Short text fragments from websites

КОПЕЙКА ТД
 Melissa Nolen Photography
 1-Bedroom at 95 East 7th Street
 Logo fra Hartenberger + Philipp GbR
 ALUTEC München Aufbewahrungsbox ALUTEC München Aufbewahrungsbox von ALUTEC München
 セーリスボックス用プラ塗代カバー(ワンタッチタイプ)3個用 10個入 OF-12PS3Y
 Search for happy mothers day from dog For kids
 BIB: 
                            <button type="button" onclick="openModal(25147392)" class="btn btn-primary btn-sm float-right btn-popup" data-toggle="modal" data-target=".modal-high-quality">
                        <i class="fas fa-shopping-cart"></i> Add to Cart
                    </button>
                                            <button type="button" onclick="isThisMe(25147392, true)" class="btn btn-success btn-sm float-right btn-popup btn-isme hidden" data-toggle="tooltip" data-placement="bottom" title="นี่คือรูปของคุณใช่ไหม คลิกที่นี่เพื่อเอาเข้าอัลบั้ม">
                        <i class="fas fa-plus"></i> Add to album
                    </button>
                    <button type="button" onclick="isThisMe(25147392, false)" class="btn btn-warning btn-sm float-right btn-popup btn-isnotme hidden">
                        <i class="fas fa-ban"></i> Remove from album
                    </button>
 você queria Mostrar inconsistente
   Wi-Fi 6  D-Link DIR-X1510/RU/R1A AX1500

WHAT THE TASK REQUIRES: Locate the lines above that contain "toggle" and copy them.

THE ANSWER:
                            <button type="button" onclick="openModal(25147392)" class="btn btn-primary btn-sm float-right btn-popup" data-toggle="modal" data-target=".modal-high-quality">
                                            <button type="button" onclick="isThisMe(25147392, true)" class="btn btn-success btn-sm float-right btn-popup btn-isme hidden" data-toggle="tooltip" data-placement="bottom" title="นี่คือรูปของคุณใช่ไหม คลิกที่นี่เพื่อเอาเข้าอัลบั้ม">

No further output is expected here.